Audio transcription and speech generation
Transcribe audio files into text and generate spoken audio from text using AI models.
Why Use AI Audio
Your application needs to handle audio: a meeting recording you want to summarize, a voice memo you want to search, or a written response you want to read aloud. Building this from scratch means integrating directly with a speech provider, managing API keys, handling file uploads, and writing format conversion code.
Squid AI Audio gives you both transcription and text-to-speech in a single backend call:
- TypeScript
- Python
// Transcribe an audio file to text
const text = await this.squid.ai().audio().transcribe(audioFile, {
modelName: 'whisper-1',
});
// Generate speech from text
const speechFile = await this.squid.ai().audio().createSpeech('Welcome to Squid', {
modelName: 'tts-1',
voice: 'nova',
});
# Transcribe an audio file to text
text = await self.squid.ai().audio().transcribe(
audio_bytes,
'recording.mp3',
'audio/mpeg',
options={'modelName': 'whisper-1'},
)
# Generate speech from text
speech_bytes = await self.squid.ai().audio().create_speech(
'Welcome to Squid',
{'modelName': 'tts-1', 'voice': 'nova'},
)
Overview
Squid AI Audio wraps OpenAI's Whisper (speech-to-text) and TTS (text-to-speech) models behind a single API. Your backend calls a method, and Squid handles authentication, file upload, format conversion, and response decoding.
When to use AI Audio
| Use Case | Recommendation |
|---|---|
| Convert spoken audio into searchable text | transcribe() |
| Read text aloud in a synthesized voice | createSpeech() |
| Build voice input into an AI agent chat experience | Use the enable-transcription flag on the AI chat widget |
| Custom voice for an AI agent | Use agents with voice options |
How it works
- You call
this.squid.ai().audio().transcribe()or.createSpeech()from a backend service - The Squid backend authenticates the request, looks up the OpenAI API key from your application configuration, and forwards the call
- For transcription, the audio file streams to the model and the transcript returns as text
- For speech generation, the model returns binary audio that Squid wraps in a
Fileobject (TypeScript) orbytes(Python)
Quick Start
Prerequisites
- A Squid backend project initialized with
squid init - The
@squidcloud/backendpackage (TypeScript) orsquidcloud-backendpackage (Python) - OpenAI configured as an AI provider on your application in the Squid Console
Step 1: Create an executable that wraps the audio call
Audio operations require admin access to your Squid resources, so they must run on the backend. Wrap them in an executable so the client can call them safely.
- TypeScript
- Python
import { executable, SquidFile, SquidService } from '@squidcloud/backend';
export class AudioService extends SquidService {
@executable()
async transcribeAudio(audio: SquidFile): Promise<string> {
this.assertIsAuthenticated();
// SquidFile carries the original filename and MIME type from the client.
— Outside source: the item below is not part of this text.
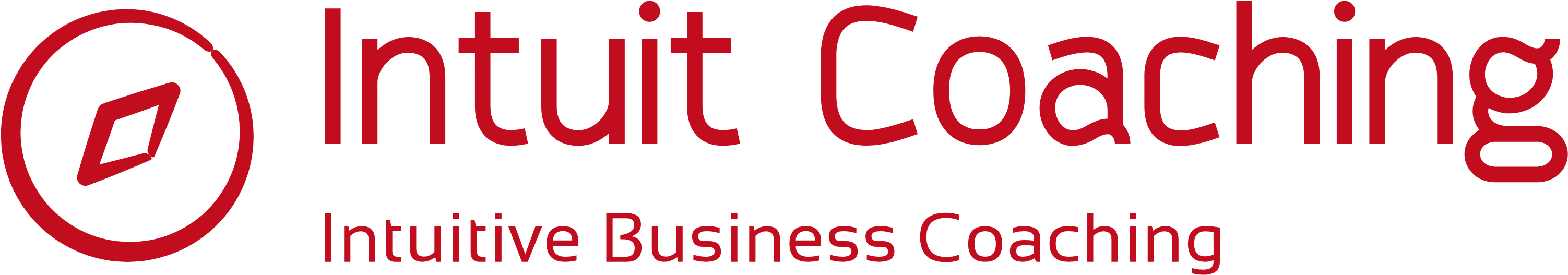 Business (3080x649), Png Download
// Convert it to a native File so the audio client can stream it to OpenAI.
const file = new File([audio.data], audio.originalName, { type: audio.mimetype });
return this.squid.ai().audio().transcribe(file, {
modelName: 'whisper-1',
});
}
}
from squidcloud_backend import SquidFile, SquidService, executable
class AudioService(SquidService):
@executable()
async def transcribe_audio(self, audio: SquidFile) -> str:
self.assert_is_authenticated()
# SquidFile is a TypedDict carrying the file bytes plus metadata.
return await self.squid.ai().audio().transcribe(
audio['data'],
audio['originalName'],
audio['mimetype'],
options={'modelName': 'whisper-1'},
)
Step 2: Deploy or run the backend locally
squid start
To deploy to the cloud, see deploying your backend.
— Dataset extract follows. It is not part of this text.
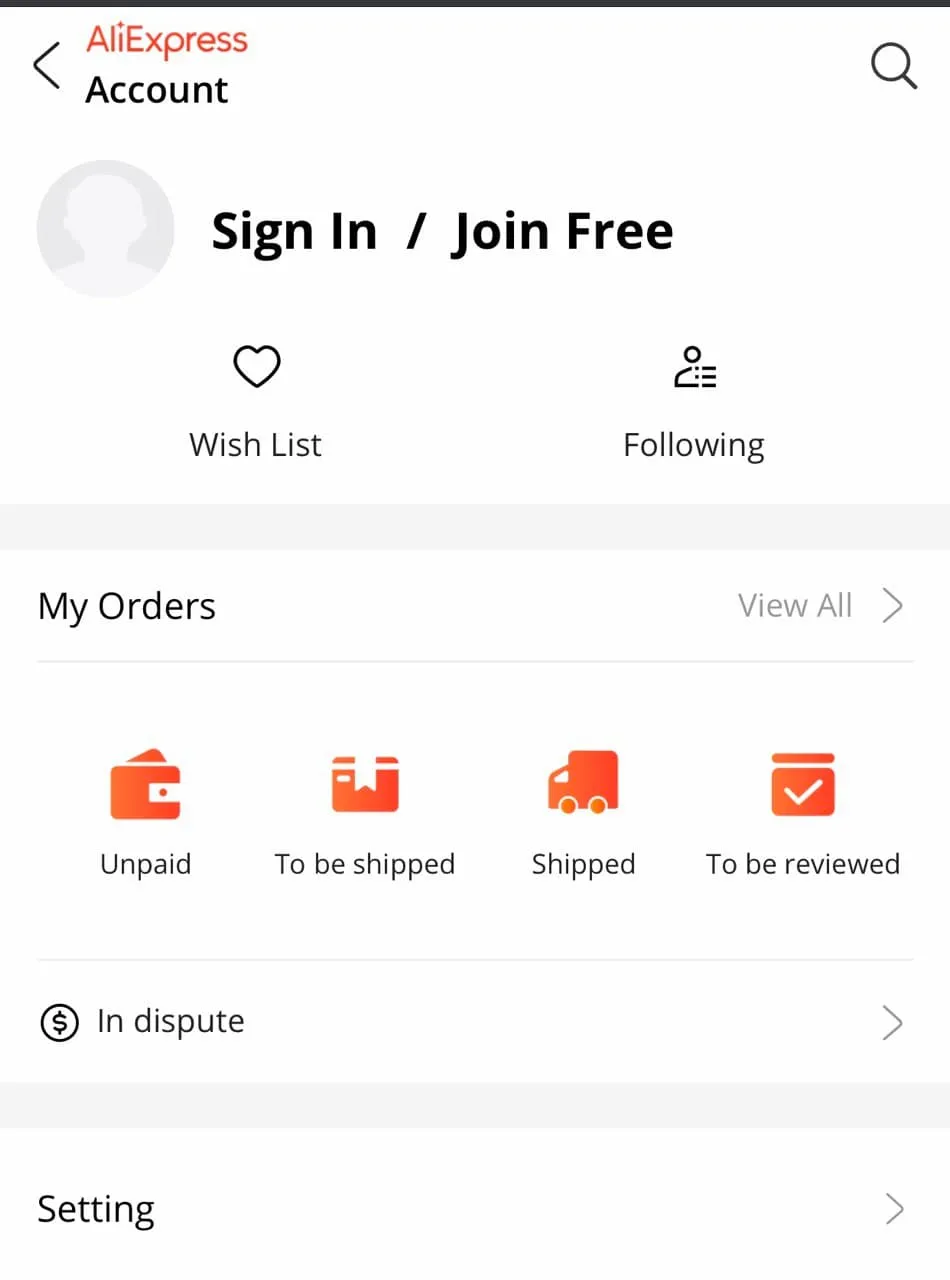 SIGNINIIIIIREGISTER.jpg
Step 3: Call the executable from the client
const fileInput = document.querySelector('input[type="file"]') as HTMLInputElement;
const audioFile = fileInput.files![0];
const transcript = await squid.executeFunction('transcribeAudio', audioFile);
console.log(transcript);
Authentication and Configuration
Audio methods require an authenticated Squid client with admin access. This is true for both transcribe() and createSpeech(). There are two recommended patterns:
- Wrap calls in executables. This is the standard pattern. The executable runs on the backend with admin context, and the client never sees the underlying API key. See executables.
- Call from a privileged backend service. Triggers, schedulers, webhooks, and other backend-only entry points already run with backend privileges, so you can call audio methods directly from them.
Calls from an unauthenticated browser client are rejected with an UNAUTHORIZED error.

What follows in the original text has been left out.